“Las Vegas, New Mexico” is about a city rooted in a complex linguistic and cultural history where the boundaries of identity are fluid and intricate, but is also as American as any small town in the country.
Featuring: Gabriel Ellison-Scowcroft
United Photo Industries
James Estrin and David Gonzalez, Co-Editors of the New York Times Lens Blog
The town of Las Vegas, New Mexico was founded in 1835 on a land grant provided by the Mexican government. Eleven years later, an American General marched into town to announce that New Mexico was now an American territory. There isn’t a tidy narrative about how Las Vegas’ people have become part of the American fabric. It is a layered place with a complex history of different cultures coming, or being forced, together — of friction between languages, of discrimination, and of economic disparity. For a brief time, Las Vegas was one of the largest and most important cities in the American Southwest, but its population is now shrinking rapidly as young people leave to find opportunities elsewhere. Most older Las Vegans have inherited the slow-spoken Spanish of northern New Mexico, but the language is in danger of disappearing. Catholicism predominates and sects like the Los Penitentes brotherhood are still active in the community and cloaked to outsiders. Las Vegas, New Mexico is a place that is rooted in a complex linguistic and cultural history where the boundaries of identity are fluid and intricate, but it is also as American as any small town in the country.

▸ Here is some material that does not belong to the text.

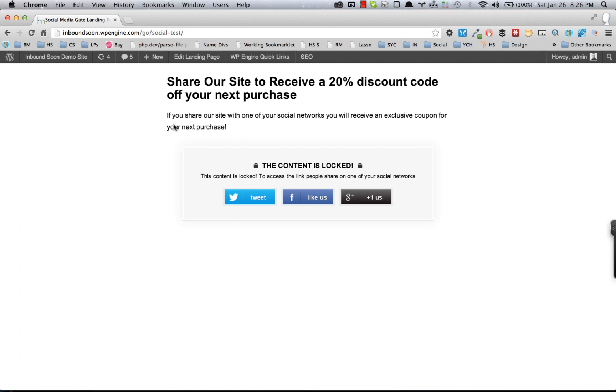So this is a quick demo video of the Social Gate Lander for the WordPress landing page plugin. Basically, what this lander allows you to do is create a quick, easy, simple landing page and put a piece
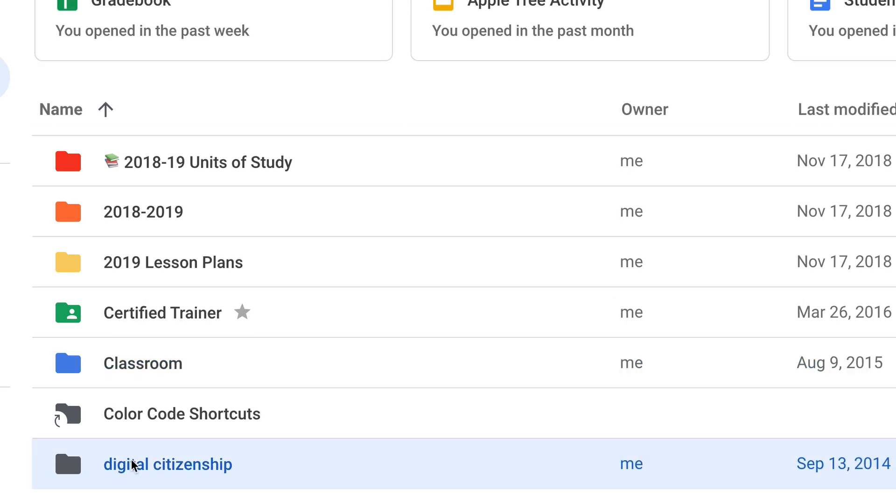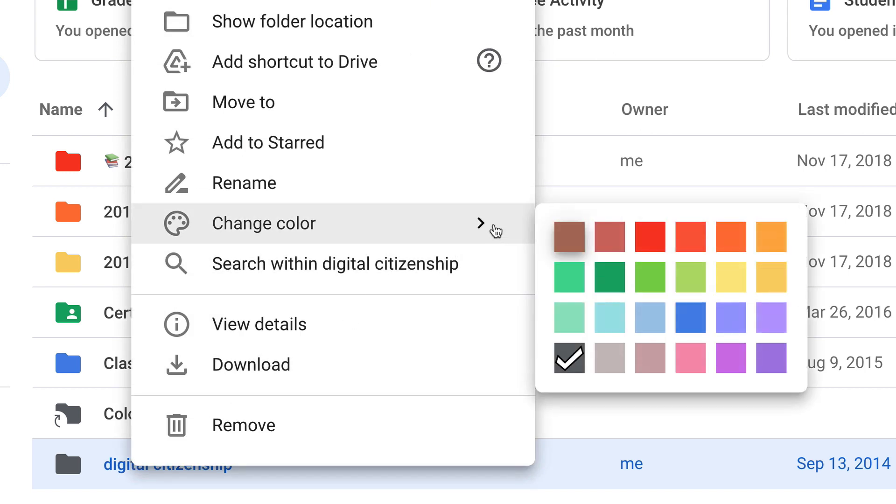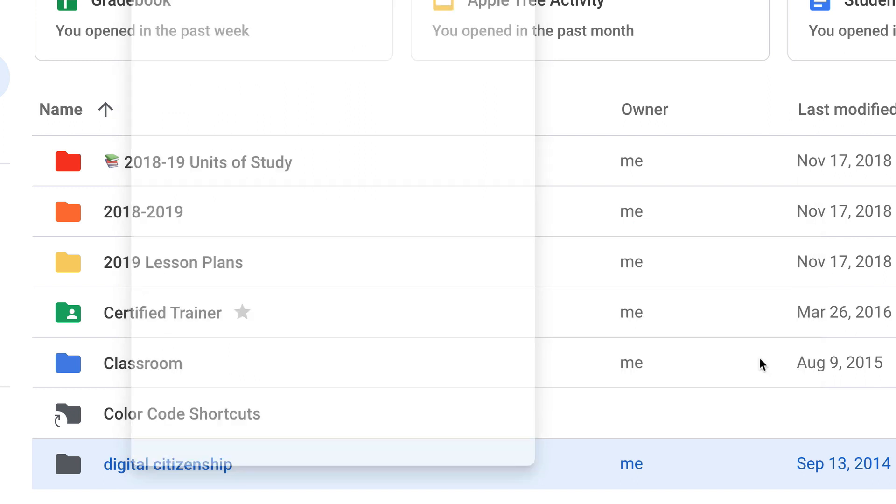To change the color, there's a few different ways. I just select and then right click. I love to right click—I find all kinds of little features. Then change the color, and there are 24 different colors here, and you just select the color that you want.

Gabriel Ellison-Scowcroft is a photographer, radio producer and writer originally from Quebec, Canada, but currently based in San Diego, California. After graduating from journalism school in Montreal and working for CBC Radio, Gabriel moved to New York City and then Southern California to pursue freelance photojournalism and radio producing. He has worked on a wide-array of stories, from investigative projects exploring student homelessness in San Diego County to long-term documentary storytelling projects such as “Las Vegas, New Mexico” to podcasts about indigenous perspectives on public land. Gabriel is particularly interested in the intersection of documentary photography and exhaustive historical research and how these two disciplines can be used to better understand contemporary realities.